● **Task goal**
Print back every record below, exactly as it stands.

● **Task inputs**
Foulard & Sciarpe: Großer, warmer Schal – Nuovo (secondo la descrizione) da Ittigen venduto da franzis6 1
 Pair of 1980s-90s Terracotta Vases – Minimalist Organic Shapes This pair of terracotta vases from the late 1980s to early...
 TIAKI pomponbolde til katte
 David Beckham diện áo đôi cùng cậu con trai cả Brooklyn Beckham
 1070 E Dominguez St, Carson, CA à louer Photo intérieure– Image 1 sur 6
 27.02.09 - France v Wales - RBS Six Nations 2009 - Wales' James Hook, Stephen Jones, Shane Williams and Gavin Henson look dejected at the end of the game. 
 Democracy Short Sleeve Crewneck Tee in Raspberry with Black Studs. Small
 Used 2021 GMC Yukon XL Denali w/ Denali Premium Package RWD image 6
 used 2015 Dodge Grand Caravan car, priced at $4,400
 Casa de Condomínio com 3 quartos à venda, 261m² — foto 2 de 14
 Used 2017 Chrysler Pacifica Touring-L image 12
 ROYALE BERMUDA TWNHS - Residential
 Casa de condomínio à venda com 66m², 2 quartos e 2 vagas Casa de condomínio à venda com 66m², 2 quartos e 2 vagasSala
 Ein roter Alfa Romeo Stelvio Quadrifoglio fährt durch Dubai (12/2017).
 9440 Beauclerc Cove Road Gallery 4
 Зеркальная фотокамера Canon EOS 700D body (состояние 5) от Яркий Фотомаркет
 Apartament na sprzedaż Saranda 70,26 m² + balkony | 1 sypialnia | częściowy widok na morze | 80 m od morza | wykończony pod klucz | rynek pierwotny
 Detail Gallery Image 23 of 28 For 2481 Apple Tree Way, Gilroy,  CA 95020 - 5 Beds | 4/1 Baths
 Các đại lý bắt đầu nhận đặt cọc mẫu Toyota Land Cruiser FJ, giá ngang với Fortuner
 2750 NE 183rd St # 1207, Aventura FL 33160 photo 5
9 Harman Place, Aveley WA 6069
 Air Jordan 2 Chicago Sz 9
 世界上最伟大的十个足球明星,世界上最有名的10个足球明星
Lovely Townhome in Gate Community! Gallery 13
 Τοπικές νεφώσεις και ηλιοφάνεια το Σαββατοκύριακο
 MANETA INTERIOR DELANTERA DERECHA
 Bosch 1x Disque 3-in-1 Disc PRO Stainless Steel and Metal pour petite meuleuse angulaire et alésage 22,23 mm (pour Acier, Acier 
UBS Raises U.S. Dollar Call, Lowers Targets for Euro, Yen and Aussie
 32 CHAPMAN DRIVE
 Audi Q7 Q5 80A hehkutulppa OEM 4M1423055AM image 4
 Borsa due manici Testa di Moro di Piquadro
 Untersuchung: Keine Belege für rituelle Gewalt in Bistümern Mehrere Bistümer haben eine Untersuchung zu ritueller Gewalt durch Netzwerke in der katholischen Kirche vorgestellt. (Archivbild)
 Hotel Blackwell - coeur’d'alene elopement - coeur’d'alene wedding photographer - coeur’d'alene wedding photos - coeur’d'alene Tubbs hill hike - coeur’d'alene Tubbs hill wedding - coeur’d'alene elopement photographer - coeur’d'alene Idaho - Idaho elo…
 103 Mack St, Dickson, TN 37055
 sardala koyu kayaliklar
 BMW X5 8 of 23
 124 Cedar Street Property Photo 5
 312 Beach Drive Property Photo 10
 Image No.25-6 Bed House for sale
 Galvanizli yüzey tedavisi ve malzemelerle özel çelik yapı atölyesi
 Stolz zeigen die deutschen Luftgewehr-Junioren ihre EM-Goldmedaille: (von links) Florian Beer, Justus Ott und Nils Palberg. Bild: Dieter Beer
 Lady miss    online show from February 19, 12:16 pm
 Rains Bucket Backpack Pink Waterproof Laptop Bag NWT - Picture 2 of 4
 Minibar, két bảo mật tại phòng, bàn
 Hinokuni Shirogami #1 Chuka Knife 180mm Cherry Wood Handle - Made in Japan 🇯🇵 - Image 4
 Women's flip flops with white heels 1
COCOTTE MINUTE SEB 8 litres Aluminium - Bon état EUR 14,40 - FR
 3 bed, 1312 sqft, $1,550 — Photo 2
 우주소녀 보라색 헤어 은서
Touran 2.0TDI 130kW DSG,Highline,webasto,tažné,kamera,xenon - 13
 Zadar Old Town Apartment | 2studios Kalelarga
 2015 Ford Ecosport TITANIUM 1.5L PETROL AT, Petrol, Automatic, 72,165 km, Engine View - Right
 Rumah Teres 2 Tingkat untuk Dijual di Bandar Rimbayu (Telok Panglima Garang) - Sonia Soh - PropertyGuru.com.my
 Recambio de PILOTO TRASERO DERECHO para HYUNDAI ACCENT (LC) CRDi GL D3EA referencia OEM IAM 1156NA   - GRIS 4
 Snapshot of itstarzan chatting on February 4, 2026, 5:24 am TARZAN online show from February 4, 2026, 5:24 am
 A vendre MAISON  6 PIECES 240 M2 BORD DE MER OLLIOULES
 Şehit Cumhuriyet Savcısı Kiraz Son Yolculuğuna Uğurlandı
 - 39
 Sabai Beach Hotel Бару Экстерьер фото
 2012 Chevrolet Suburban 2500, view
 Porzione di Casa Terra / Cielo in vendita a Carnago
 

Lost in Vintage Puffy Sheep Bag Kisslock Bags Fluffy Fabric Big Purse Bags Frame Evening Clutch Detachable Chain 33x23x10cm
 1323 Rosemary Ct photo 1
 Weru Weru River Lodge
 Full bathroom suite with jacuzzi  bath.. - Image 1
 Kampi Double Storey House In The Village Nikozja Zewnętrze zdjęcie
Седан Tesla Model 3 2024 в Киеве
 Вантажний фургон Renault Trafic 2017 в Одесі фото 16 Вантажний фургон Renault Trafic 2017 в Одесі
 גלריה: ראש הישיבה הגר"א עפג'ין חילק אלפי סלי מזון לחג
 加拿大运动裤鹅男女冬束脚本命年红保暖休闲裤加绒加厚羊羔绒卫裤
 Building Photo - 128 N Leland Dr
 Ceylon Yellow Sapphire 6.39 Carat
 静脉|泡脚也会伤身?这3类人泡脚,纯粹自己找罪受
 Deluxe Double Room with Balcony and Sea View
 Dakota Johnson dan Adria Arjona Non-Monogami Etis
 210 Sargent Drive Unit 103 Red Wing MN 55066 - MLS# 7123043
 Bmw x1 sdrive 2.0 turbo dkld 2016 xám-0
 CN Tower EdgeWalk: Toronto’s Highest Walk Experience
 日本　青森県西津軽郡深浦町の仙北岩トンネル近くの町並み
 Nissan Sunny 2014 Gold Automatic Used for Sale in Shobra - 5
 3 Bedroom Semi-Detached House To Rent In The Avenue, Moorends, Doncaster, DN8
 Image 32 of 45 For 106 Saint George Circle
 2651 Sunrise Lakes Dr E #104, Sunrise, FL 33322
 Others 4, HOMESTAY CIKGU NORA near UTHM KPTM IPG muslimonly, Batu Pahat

● **Exercise output**
Foulard & Sciarpe: Großer, warmer Schal – Nuovo (secondo la descrizione) da Ittigen venduto da franzis6 1
 Pair of 1980s-90s Terracotta Vases – Minimalist Organic Shapes This pair of terracotta vases from the late 1980s to early...
 TIAKI pomponbolde til katte
 David Beckham diện áo đôi cùng cậu con trai cả Brooklyn Beckham
 1070 E Dominguez St, Carson, CA à louer Photo intérieure– Image 1 sur 6
 27.02.09 - France v Wales - RBS Six Nations 2009 - Wales' James Hook, Stephen Jones, Shane Williams and Gavin Henson look dejected at the end of the game. 
 Democracy Short Sleeve Crewneck Tee in Raspberry with Black Studs. Small
 Used 2021 GMC Yukon XL Denali w/ Denali Premium Package RWD image 6
 used 2015 Dodge Grand Caravan car, priced at $4,400
 Casa de Condomínio com 3 quartos à venda, 261m² — foto 2 de 14
 Used 2017 Chrysler Pacifica Touring-L image 12
 ROYALE BERMUDA TWNHS - Residential
 Casa de condomínio à venda com 66m², 2 quartos e 2 vagas Casa de condomínio à venda com 66m², 2 quartos e 2 vagasSala
 Ein roter Alfa Romeo Stelvio Quadrifoglio fährt durch Dubai (12/2017).
 9440 Beauclerc Cove Road Gallery 4
 Зеркальная фотокамера Canon EOS 700D body (состояние 5) от Яркий Фотомаркет
 Apartament na sprzedaż Saranda 70,26 m² + balkony | 1 sypialnia | częściowy widok na morze | 80 m od morza | wykończony pod klucz | rynek pierwotny
 Detail Gallery Image 23 of 28 For 2481 Apple Tree Way, Gilroy,  CA 95020 - 5 Beds | 4/1 Baths
 Các đại lý bắt đầu nhận đặt cọc mẫu Toyota Land Cruiser FJ, giá ngang với Fortuner
 2750 NE 183rd St # 1207, Aventura FL 33160 photo 5
9 Harman Place, Aveley WA 6069
 Air Jordan 2 Chicago Sz 9
 世界上最伟大的十个足球明星,世界上最有名的10个足球明星
Lovely Townhome in Gate Community! Gallery 13
 Τοπικές νεφώσεις και ηλιοφάνεια το Σαββατοκύριακο
 MANETA INTERIOR DELANTERA DERECHA
 Bosch 1x Disque 3-in-1 Disc PRO Stainless Steel and Metal pour petite meuleuse angulaire et alésage 22,23 mm (pour Acier, Acier 
UBS Raises U.S. Dollar Call, Lowers Targets for Euro, Yen and Aussie
 32 CHAPMAN DRIVE
 Audi Q7 Q5 80A hehkutulppa OEM 4M1423055AM image 4
 Borsa due manici Testa di Moro di Piquadro
 Untersuchung: Keine Belege für rituelle Gewalt in Bistümern Mehrere Bistümer haben eine Untersuchung zu ritueller Gewalt durch Netzwerke in der katholischen Kirche vorgestellt. (Archivbild)
 Hotel Blackwell - coeur’d'alene elopement - coeur’d'alene wedding photographer - coeur’d'alene wedding photos - coeur’d'alene Tubbs hill hike - coeur’d'alene Tubbs hill wedding - coeur’d'alene elopement photographer - coeur’d'alene Idaho - Idaho elo…
 103 Mack St, Dickson, TN 37055
 sardala koyu kayaliklar
 BMW X5 8 of 23
 124 Cedar Street Property Photo 5
 312 Beach Drive Property Photo 10
 Image No.25-6 Bed House for sale
 Galvanizli yüzey tedavisi ve malzemelerle özel çelik yapı atölyesi
 Stolz zeigen die deutschen Luftgewehr-Junioren ihre EM-Goldmedaille: (von links) Florian Beer, Justus Ott und Nils Palberg. Bild: Dieter Beer
 Lady miss    online show from February 19, 12:16 pm
 Rains Bucket Backpack Pink Waterproof Laptop Bag NWT - Picture 2 of 4
 Minibar, két bảo mật tại phòng, bàn
 Hinokuni Shirogami #1 Chuka Knife 180mm Cherry Wood Handle - Made in Japan 🇯🇵 - Image 4
 Women's flip flops with white heels 1
COCOTTE MINUTE SEB 8 litres Aluminium - Bon état EUR 14,40 - FR
 3 bed, 1312 sqft, $1,550 — Photo 2
 우주소녀 보라색 헤어 은서
Touran 2.0TDI 130kW DSG,Highline,webasto,tažné,kamera,xenon - 13
 Zadar Old Town Apartment | 2studios Kalelarga
 2015 Ford Ecosport TITANIUM 1.5L PETROL AT, Petrol, Automatic, 72,165 km, Engine View - Right
 Rumah Teres 2 Tingkat untuk Dijual di Bandar Rimbayu (Telok Panglima Garang) - Sonia Soh - PropertyGuru.com.my
 Recambio de PILOTO TRASERO DERECHO para HYUNDAI ACCENT (LC) CRDi GL D3EA referencia OEM IAM 1156NA   - GRIS 4
 Snapshot of itstarzan chatting on February 4, 2026, 5:24 am TARZAN online show from February 4, 2026, 5:24 am
 A vendre MAISON  6 PIECES 240 M2 BORD DE MER OLLIOULES
 Şehit Cumhuriyet Savcısı Kiraz Son Yolculuğuna Uğurlandı
 - 39
 Sabai Beach Hotel Бару Экстерьер фото
 2012 Chevrolet Suburban 2500, view
 Porzione di Casa Terra / Cielo in vendita a Carnago
 

Lost in Vintage Puffy Sheep Bag Kisslock Bags Fluffy Fabric Big Purse Bags Frame Evening Clutch Detachable Chain 33x23x10cm
 1323 Rosemary Ct photo 1
 Weru Weru River Lodge
 Full bathroom suite with jacuzzi  bath.. - Image 1
 Kampi Double Storey House In The Village Nikozja Zewnętrze zdjęcie
Седан Tesla Model 3 2024 в Киеве
 Вантажний фургон Renault Trafic 2017 в Одесі фото 16 Вантажний фургон Renault Trafic 2017 в Одесі
 גלריה: ראש הישיבה הגר"א עפג'ין חילק אלפי סלי מזון לחג
 加拿大运动裤鹅男女冬束脚本命年红保暖休闲裤加绒加厚羊羔绒卫裤
 Building Photo - 128 N Leland Dr
 Ceylon Yellow Sapphire 6.39 Carat
 静脉|泡脚也会伤身?这3类人泡脚,纯粹自己找罪受
 Deluxe Double Room with Balcony and Sea View
 Dakota Johnson dan Adria Arjona Non-Monogami Etis
 210 Sargent Drive Unit 103 Red Wing MN 55066 - MLS# 7123043
 Bmw x1 sdrive 2.0 turbo dkld 2016 xám-0
 CN Tower EdgeWalk: Toronto’s Highest Walk Experience
 日本　青森県西津軽郡深浦町の仙北岩トンネル近くの町並み
 Nissan Sunny 2014 Gold Automatic Used for Sale in Shobra - 5
 3 Bedroom Semi-Detached House To Rent In The Avenue, Moorends, Doncaster, DN8
 Image 32 of 45 For 106 Saint George Circle
 2651 Sunrise Lakes Dr E #104, Sunrise, FL 33322
 Others 4, HOMESTAY CIKGU NORA near UTHM KPTM IPG muslimonly, Batu Pahat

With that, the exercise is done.